All Products
Search
Document Center

Platform For AI:Use instance interconnection for distributed training

Last Updated:Nov 05, 2025

DSW provides a multi-instance interconnection feature that lets you perform distributed development and training across multiple machines and GPUs.

Prerequisites

  • You must have multiple instances that are created from a general computing resource group or a Lingjun resource group and are located in the same VPC.

  • The Internet access gateway for the resource group that contains the instances must be set to Dedicated Gateway.

  • The instances must be in the same cluster. For example, you cannot interconnect Lingjun instances and general computing resource instances.

  • Only some instance types support Remote Direct Memory Access (RDMA) or enhanced RDMA (eRDMA). For more information, see Default variables (pre-configured by the platform) and Limits.

    DSW and DLC provide the same features for RDMA/eRDMA. For more information, see the DLC documentation.

Features

  • DSW provides pre-configured, high-performance network environment variables that are optimized for different resources and network architectures.

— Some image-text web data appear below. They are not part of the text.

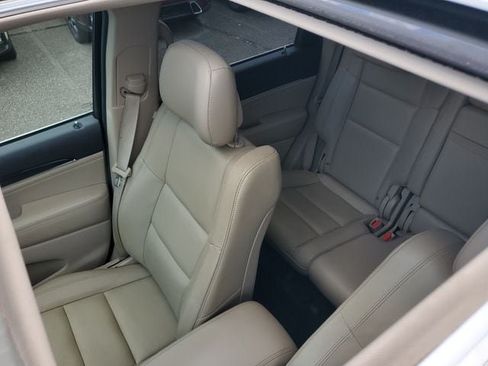 Certified 2019 Jeep Grand Cherokee Limited AWD/4WD image 37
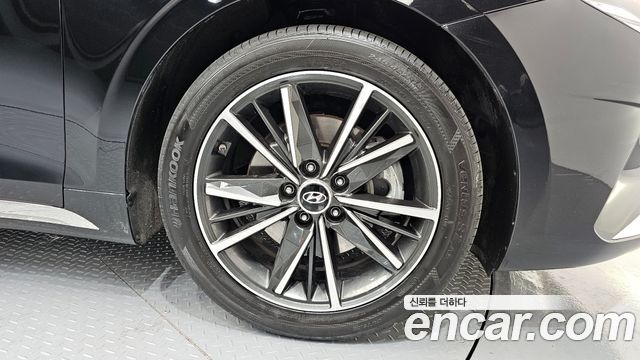 Hyundai Grandeur 2022 — photo 5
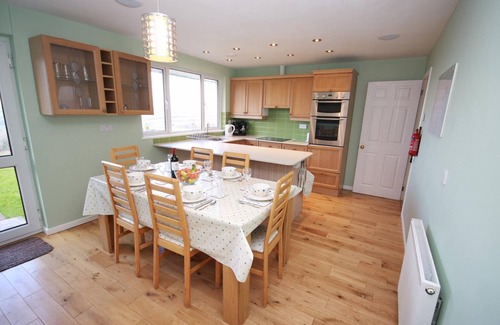Malborough House | Tubbs Delight Family and dog friendly Bungalow With Hot Tub and Countryside View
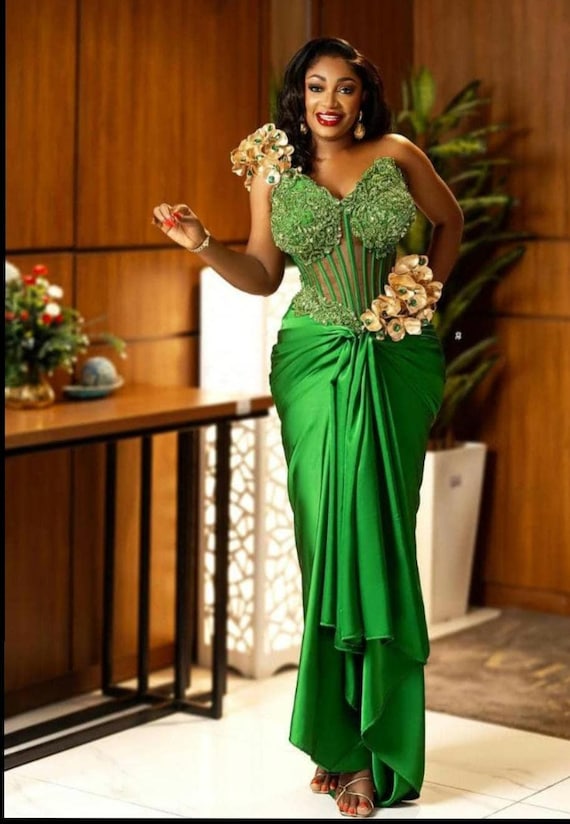Reception Gown, Lace Gown, Sample Lace Dress, African Classy gown,African outfit,Women Fashion dress,Ankara Event wears,Dinner Gown,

  • On nodes that support RDMA, you can use RDMA/eRDMA for interconnection.

  • You can interconnect instances using their instance IDs as DNS domain names.image

These features allow you to develop and debug distributed tasks across multiple machines and GPUs.

Procedure

  1. Use the DSW instance cloning feature to start the required number of instances with identical environments.

  2. (Optional) Install the RDMA/eRDMA library on the instances.

    1. For Lingjun resources, use an image that contains RDMA. For more information, see Configure an image.

    2. For general computing resources, follow the instructions in Install the eRDMA library.

  3. From one instance, run the ping command on the instance ID of another instance to test network connectivity. For example: ping dsw-l28wnjdlyzj*********.

  4. Configure and debug the distributed task using your chosen distributed framework.